Young at heart, with laughter to the end

February 06, 2000|By MICHAEL OLESKER

THIS ONE'S for Barry Director, who got away from us last week the way all free spirits get away. He had the happy heart of a child, but blood and bones that openly defied him for the last 18 years. He died on Friday. He was 54 years old, still reaching for boyhood.

He was one of the guys from my old neighborhood. He lived on Elderon Avenue, a couple of doors down from Grove Park Elementary School, off Rogers Avenue near the Arlington Cemetery where we'll bury him today.

Barry's gonna like it there. His gentle spirit can haunt the pickup games on the playground where a whole generation of us played ball, learned the first awkward rudiments of adolescent flirting, smoked cigarettes when the grown-ups weren't looking and imagined such delights would never run out.

Lingering snapshots of Barry: all those ballgames in the streets and the school yard.

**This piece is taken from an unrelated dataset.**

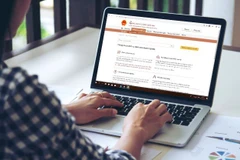 Vietnam promulga decreto sobre procedimientos administrativos en línea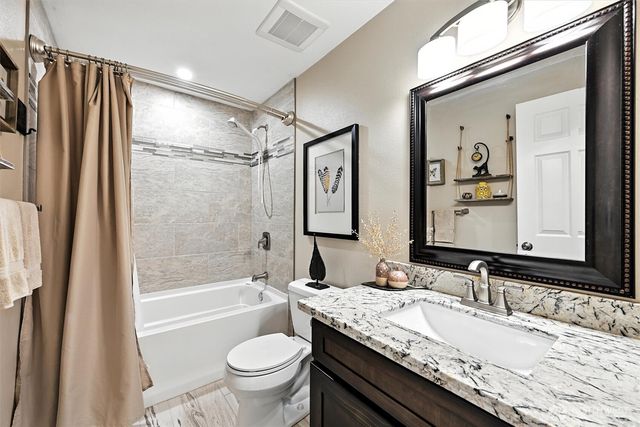 7212 188th Avenue E, Bonney Lake, WA 98391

And the Howard Park Little League, where his father, Charlie, coached one of the teams. Charlie had a big rickety truck for hauling pinball machines around town, and after ballgames he'd pile 15 or 20 kids in their dusty baseball uniforms into the back and take everyone out to Liberty Road to Price's Dairy for ice cream.

If you want a sweeter summer picture of America in the middle of its mid-century love affair with itself, you won't find it anywhere.

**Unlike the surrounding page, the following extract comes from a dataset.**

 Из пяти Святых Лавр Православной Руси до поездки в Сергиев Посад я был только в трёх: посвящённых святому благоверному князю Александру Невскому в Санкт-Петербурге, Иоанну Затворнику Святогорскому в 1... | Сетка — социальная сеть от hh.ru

Barry was a pretty good ballplayer, too, a lefty pitcher with a natural screwball to match his spirit. But he never forgot the time he'd struck out with a man on third in the last inning of a tight Pony League game. And he was the world's worst tackler in football, falling away from the ball carrier at the last instant the way a bullfighter fades from the bull.

"Exactly," he'd laugh every time he was reminded, "but I was the best in the neighborhood at piling on after the play was already dead."

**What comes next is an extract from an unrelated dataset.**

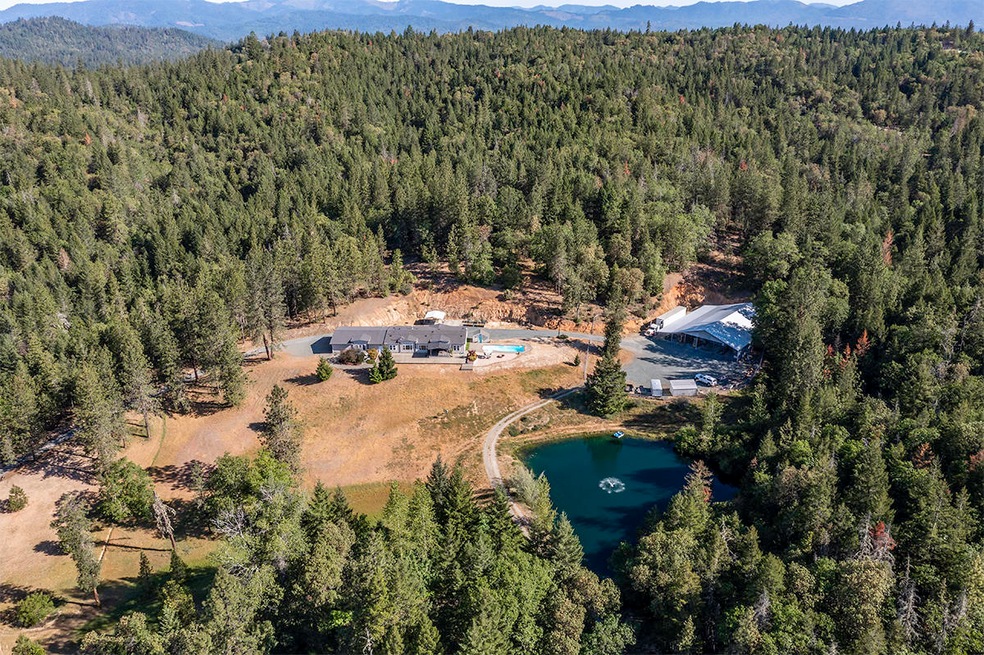 2010 Stewart Rd, Grants Pass, OR 97526 - photo 1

That was Barry: He knew every weakness he had, and turned it into instant joke. I never knew a human being who made himself into a more open and funny book. Strangers, he'd tell his problems. Insecurities, he announced to the whole world. He clung to childhood because he always remembered not only the games and the laughs, but his last traces of sheer irresponsibility.

"Don't grow up," he kept insisting all through adolescence, as though he'd gotten a sneak preview of adulthood and needed to issue early warning bulletins to the rest of us. "You don't want to do that."

And then, through the long adult years, whenever things got rough, he'd say, "I told you we should have stayed kids."

But he was the first to leave his parents' home. He married young and had three sons. The marriage lasted three decades and then, as these things happen, broke apart. But he had a poignant love for Jean, and tender dreams about her to the end of his life. And she was there with him at the end.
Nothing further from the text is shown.